TRY IT. A verbatim reproduction of every entry is the expected answer.

§ §

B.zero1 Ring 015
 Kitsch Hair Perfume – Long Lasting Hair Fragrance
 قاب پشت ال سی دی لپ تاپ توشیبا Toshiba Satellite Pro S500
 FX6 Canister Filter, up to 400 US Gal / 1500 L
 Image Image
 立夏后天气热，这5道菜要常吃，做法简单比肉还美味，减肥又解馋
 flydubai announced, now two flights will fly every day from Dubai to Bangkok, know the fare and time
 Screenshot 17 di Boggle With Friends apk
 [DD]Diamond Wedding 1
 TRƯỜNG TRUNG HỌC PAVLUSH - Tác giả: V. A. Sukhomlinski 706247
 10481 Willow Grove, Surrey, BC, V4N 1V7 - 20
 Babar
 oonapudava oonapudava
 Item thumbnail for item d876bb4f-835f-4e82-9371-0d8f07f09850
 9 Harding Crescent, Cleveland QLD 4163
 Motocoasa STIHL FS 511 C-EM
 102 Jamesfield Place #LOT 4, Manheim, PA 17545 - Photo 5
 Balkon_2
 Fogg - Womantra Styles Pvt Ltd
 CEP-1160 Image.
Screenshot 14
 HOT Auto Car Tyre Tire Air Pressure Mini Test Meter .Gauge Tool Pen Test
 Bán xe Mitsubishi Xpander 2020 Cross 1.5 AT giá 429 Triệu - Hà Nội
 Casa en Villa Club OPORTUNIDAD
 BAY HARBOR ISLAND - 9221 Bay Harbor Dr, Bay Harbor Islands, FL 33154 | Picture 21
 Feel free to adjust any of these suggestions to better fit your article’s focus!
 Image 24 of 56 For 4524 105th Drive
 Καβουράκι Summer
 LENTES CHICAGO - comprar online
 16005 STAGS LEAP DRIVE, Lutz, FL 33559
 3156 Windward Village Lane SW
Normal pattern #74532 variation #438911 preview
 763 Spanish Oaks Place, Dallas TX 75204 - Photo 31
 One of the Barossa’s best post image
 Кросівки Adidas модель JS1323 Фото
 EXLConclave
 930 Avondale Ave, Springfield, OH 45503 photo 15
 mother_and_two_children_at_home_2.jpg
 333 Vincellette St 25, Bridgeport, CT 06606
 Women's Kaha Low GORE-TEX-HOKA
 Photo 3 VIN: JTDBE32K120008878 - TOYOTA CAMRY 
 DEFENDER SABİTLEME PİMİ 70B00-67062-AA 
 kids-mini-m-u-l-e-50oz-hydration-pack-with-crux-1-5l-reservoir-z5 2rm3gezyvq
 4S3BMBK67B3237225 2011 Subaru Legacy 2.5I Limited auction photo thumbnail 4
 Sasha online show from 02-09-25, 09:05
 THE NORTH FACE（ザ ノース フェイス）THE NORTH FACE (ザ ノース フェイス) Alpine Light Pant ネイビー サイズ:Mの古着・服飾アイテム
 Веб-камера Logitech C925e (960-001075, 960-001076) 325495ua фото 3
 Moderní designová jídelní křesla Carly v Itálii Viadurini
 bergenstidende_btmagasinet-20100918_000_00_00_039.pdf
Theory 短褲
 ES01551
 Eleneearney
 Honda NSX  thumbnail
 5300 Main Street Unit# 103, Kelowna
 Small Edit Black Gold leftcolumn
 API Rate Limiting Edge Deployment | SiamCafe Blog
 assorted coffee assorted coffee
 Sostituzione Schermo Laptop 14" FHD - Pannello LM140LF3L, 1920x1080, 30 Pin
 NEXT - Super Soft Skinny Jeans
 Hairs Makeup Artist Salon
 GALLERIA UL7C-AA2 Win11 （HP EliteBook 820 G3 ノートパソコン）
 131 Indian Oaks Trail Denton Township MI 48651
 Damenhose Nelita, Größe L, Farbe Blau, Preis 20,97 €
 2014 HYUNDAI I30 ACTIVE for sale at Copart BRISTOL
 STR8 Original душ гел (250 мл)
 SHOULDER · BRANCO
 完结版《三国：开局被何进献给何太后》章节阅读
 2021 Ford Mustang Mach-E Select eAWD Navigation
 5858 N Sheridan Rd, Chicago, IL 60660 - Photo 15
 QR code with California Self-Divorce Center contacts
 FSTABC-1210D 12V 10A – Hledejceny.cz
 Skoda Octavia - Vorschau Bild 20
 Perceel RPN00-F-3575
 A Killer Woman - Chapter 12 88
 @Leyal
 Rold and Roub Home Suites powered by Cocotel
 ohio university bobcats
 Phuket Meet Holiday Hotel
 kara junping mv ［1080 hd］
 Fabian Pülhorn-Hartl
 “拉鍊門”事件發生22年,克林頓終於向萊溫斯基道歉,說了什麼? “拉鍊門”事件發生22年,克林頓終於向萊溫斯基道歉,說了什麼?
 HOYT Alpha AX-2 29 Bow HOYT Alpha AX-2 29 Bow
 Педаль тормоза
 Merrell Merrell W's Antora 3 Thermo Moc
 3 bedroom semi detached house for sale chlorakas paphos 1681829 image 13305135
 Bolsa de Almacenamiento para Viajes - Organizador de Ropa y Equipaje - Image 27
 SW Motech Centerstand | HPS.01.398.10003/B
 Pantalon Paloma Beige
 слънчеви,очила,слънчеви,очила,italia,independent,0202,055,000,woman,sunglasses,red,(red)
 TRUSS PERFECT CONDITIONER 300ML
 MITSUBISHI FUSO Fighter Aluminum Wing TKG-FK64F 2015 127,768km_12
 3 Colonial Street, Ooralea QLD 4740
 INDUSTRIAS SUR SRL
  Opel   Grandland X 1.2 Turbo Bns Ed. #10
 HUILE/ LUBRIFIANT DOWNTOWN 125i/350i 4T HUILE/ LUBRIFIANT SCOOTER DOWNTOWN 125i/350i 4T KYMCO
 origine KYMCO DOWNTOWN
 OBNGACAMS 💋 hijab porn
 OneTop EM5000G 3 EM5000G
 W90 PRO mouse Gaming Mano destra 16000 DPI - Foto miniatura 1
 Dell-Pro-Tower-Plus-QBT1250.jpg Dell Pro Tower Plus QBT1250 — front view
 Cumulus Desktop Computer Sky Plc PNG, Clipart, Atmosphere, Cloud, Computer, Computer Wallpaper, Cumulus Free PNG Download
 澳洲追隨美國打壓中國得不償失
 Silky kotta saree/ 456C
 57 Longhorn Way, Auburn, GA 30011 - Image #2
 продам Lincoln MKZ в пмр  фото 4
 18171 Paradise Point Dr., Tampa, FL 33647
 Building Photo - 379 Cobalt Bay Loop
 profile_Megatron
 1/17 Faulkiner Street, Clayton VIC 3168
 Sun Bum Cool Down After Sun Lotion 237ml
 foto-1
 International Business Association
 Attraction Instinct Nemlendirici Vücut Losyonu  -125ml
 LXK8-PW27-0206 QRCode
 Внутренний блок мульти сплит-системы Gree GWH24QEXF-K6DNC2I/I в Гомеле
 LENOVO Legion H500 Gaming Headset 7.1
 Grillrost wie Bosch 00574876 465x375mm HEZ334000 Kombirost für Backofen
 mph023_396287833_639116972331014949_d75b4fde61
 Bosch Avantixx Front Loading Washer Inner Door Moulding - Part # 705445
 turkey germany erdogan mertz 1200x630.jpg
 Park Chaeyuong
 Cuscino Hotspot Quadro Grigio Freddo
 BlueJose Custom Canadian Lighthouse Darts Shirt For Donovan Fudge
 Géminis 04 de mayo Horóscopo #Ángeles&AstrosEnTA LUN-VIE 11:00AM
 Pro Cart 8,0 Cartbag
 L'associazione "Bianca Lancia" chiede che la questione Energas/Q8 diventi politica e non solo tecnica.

§ §

EXPECTED ANSWER.
B.zero1 Ring 015
 Kitsch Hair Perfume – Long Lasting Hair Fragrance
 قاب پشت ال سی دی لپ تاپ توشیبا Toshiba Satellite Pro S500
 FX6 Canister Filter, up to 400 US Gal / 1500 L
 Image Image
 立夏后天气热，这5道菜要常吃，做法简单比肉还美味，减肥又解馋
 flydubai announced, now two flights will fly every day from Dubai to Bangkok, know the fare and time
 Screenshot 17 di Boggle With Friends apk
 [DD]Diamond Wedding 1
 TRƯỜNG TRUNG HỌC PAVLUSH - Tác giả: V. A. Sukhomlinski 706247
 10481 Willow Grove, Surrey, BC, V4N 1V7 - 20
 Babar
 oonapudava oonapudava
 Item thumbnail for item d876bb4f-835f-4e82-9371-0d8f07f09850
 9 Harding Crescent, Cleveland QLD 4163
 Motocoasa STIHL FS 511 C-EM
 102 Jamesfield Place #LOT 4, Manheim, PA 17545 - Photo 5
 Balkon_2
 Fogg - Womantra Styles Pvt Ltd
 CEP-1160 Image.
Screenshot 14
 HOT Auto Car Tyre Tire Air Pressure Mini Test Meter .Gauge Tool Pen Test
 Bán xe Mitsubishi Xpander 2020 Cross 1.5 AT giá 429 Triệu - Hà Nội
 Casa en Villa Club OPORTUNIDAD
 BAY HARBOR ISLAND - 9221 Bay Harbor Dr, Bay Harbor Islands, FL 33154 | Picture 21
 Feel free to adjust any of these suggestions to better fit your article’s focus!
 Image 24 of 56 For 4524 105th Drive
 Καβουράκι Summer
 LENTES CHICAGO - comprar online
 16005 STAGS LEAP DRIVE, Lutz, FL 33559
 3156 Windward Village Lane SW
Normal pattern #74532 variation #438911 preview
 763 Spanish Oaks Place, Dallas TX 75204 - Photo 31
 One of the Barossa’s best post image
 Кросівки Adidas модель JS1323 Фото
 EXLConclave
 930 Avondale Ave, Springfield, OH 45503 photo 15
 mother_and_two_children_at_home_2.jpg
 333 Vincellette St 25, Bridgeport, CT 06606
 Women's Kaha Low GORE-TEX-HOKA
 Photo 3 VIN: JTDBE32K120008878 - TOYOTA CAMRY 
 DEFENDER SABİTLEME PİMİ 70B00-67062-AA 
 kids-mini-m-u-l-e-50oz-hydration-pack-with-crux-1-5l-reservoir-z5 2rm3gezyvq
 4S3BMBK67B3237225 2011 Subaru Legacy 2.5I Limited auction photo thumbnail 4
 Sasha online show from 02-09-25, 09:05
 THE NORTH FACE（ザ ノース フェイス）THE NORTH FACE (ザ ノース フェイス) Alpine Light Pant ネイビー サイズ:Mの古着・服飾アイテム
 Веб-камера Logitech C925e (960-001075, 960-001076) 325495ua фото 3
 Moderní designová jídelní křesla Carly v Itálii Viadurini
 bergenstidende_btmagasinet-20100918_000_00_00_039.pdf
Theory 短褲
 ES01551
 Eleneearney
 Honda NSX  thumbnail
 5300 Main Street Unit# 103, Kelowna
 Small Edit Black Gold leftcolumn
 API Rate Limiting Edge Deployment | SiamCafe Blog
 assorted coffee assorted coffee
 Sostituzione Schermo Laptop 14" FHD - Pannello LM140LF3L, 1920x1080, 30 Pin
 NEXT - Super Soft Skinny Jeans
 Hairs Makeup Artist Salon
 GALLERIA UL7C-AA2 Win11 （HP EliteBook 820 G3 ノートパソコン）
 131 Indian Oaks Trail Denton Township MI 48651
 Damenhose Nelita, Größe L, Farbe Blau, Preis 20,97 €
 2014 HYUNDAI I30 ACTIVE for sale at Copart BRISTOL
 STR8 Original душ гел (250 мл)
 SHOULDER · BRANCO
 完结版《三国：开局被何进献给何太后》章节阅读
 2021 Ford Mustang Mach-E Select eAWD Navigation
 5858 N Sheridan Rd, Chicago, IL 60660 - Photo 15
 QR code with California Self-Divorce Center contacts
 FSTABC-1210D 12V 10A – Hledejceny.cz
 Skoda Octavia - Vorschau Bild 20
 Perceel RPN00-F-3575
 A Killer Woman - Chapter 12 88
 @Leyal
 Rold and Roub Home Suites powered by Cocotel
 ohio university bobcats
 Phuket Meet Holiday Hotel
 kara junping mv ［1080 hd］
 Fabian Pülhorn-Hartl
 “拉鍊門”事件發生22年,克林頓終於向萊溫斯基道歉,說了什麼? “拉鍊門”事件發生22年,克林頓終於向萊溫斯基道歉,說了什麼?
 HOYT Alpha AX-2 29 Bow HOYT Alpha AX-2 29 Bow
 Педаль тормоза
 Merrell Merrell W's Antora 3 Thermo Moc
 3 bedroom semi detached house for sale chlorakas paphos 1681829 image 13305135
 Bolsa de Almacenamiento para Viajes - Organizador de Ropa y Equipaje - Image 27
 SW Motech Centerstand | HPS.01.398.10003/B
 Pantalon Paloma Beige
 слънчеви,очила,слънчеви,очила,italia,independent,0202,055,000,woman,sunglasses,red,(red)
 TRUSS PERFECT CONDITIONER 300ML
 MITSUBISHI FUSO Fighter Aluminum Wing TKG-FK64F 2015 127,768km_12
 3 Colonial Street, Ooralea QLD 4740
 INDUSTRIAS SUR SRL
  Opel   Grandland X 1.2 Turbo Bns Ed. #10
 HUILE/ LUBRIFIANT DOWNTOWN 125i/350i 4T HUILE/ LUBRIFIANT SCOOTER DOWNTOWN 125i/350i 4T KYMCO
 origine KYMCO DOWNTOWN
 OBNGACAMS 💋 hijab porn
 OneTop EM5000G 3 EM5000G
 W90 PRO mouse Gaming Mano destra 16000 DPI - Foto miniatura 1
 Dell-Pro-Tower-Plus-QBT1250.jpg Dell Pro Tower Plus QBT1250 — front view
 Cumulus Desktop Computer Sky Plc PNG, Clipart, Atmosphere, Cloud, Computer, Computer Wallpaper, Cumulus Free PNG Download
 澳洲追隨美國打壓中國得不償失
 Silky kotta saree/ 456C
 57 Longhorn Way, Auburn, GA 30011 - Image #2
 продам Lincoln MKZ в пмр  фото 4
 18171 Paradise Point Dr., Tampa, FL 33647
 Building Photo - 379 Cobalt Bay Loop
 profile_Megatron
 1/17 Faulkiner Street, Clayton VIC 3168
 Sun Bum Cool Down After Sun Lotion 237ml
 foto-1
 International Business Association
 Attraction Instinct Nemlendirici Vücut Losyonu  -125ml
 LXK8-PW27-0206 QRCode
 Внутренний блок мульти сплит-системы Gree GWH24QEXF-K6DNC2I/I в Гомеле
 LENOVO Legion H500 Gaming Headset 7.1
 Grillrost wie Bosch 00574876 465x375mm HEZ334000 Kombirost für Backofen
 mph023_396287833_639116972331014949_d75b4fde61
 Bosch Avantixx Front Loading Washer Inner Door Moulding - Part # 705445
 turkey germany erdogan mertz 1200x630.jpg
 Park Chaeyuong
 Cuscino Hotspot Quadro Grigio Freddo
 BlueJose Custom Canadian Lighthouse Darts Shirt For Donovan Fudge
 Géminis 04 de mayo Horóscopo #Ángeles&AstrosEnTA LUN-VIE 11:00AM
 Pro Cart 8,0 Cartbag
 L'associazione "Bianca Lancia" chiede che la questione Energas/Q8 diventi politica e non solo tecnica.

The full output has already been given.